I have a crypted filesystem in a file that I mount via loopback device (cryptoloop/losetup). Since upgrade to util-linux 2.19.1, it fails to mount:

ioctl: LOOP_SET_STATUS: No such file or directory

This is reproduceable across several boxes.

In the release notes of util-linux 2.19.1, it says

 *Quote:*   

> losetup(8), mount(8):
> 
>   - uses /sys/dev/block/<device>/loop/backing_file rather than loopdev ioctls
> 
>     (requires kernel >= 2.6.37)

 

These files (/sys/dev/block/<device>/loop/backing_file) do not exist on any of my boxes, kernel is 2.6.38-r4. Maybe this is the reason. Any idea how to activate these?

Cheers

Daniel

----------

## VoidMage

I'd say far more likely reason is this bug, which was resolved as WONTFIX.

----------

## che

"You are not authorized to access bug #354451."
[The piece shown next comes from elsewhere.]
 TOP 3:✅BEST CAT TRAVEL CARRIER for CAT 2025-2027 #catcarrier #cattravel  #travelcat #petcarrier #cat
Does this mean that there is some security issue with cryptoloop/losetup and that there is no way to access those filesystems with newer packages?

edit: I'm using loop-aes, and apparently it's support in util-linux is not from upstream, but from third-party patch, which was dropped in 2.19.1. Which makes the "gone because of security issues" theory more likely. I guess I'll have to switch to cryptsetup-luks, or how is that thing called :(Last edited by che on Mon May 30, 2011 8:50 am; edited 1 time in total

----------

## VoidMage

No, more likely somebody decided to incite a flame war there and admins locked the bug.

The bug was simply saying, that maintainer is tired of reading new patch after every util-linux release (and dealing with bugs stating the old patch fails to apply).

On recent kernels and cryptsetup 1.3.0, it's possible to use loop-aes volumes without loop-aes (at performance penalty - see cryptsetup page).

----------

## che

Good to know, thanks for the explanation. (Even though it's a bit unfortunate Gentoo users can't read bug closed this way.)

----------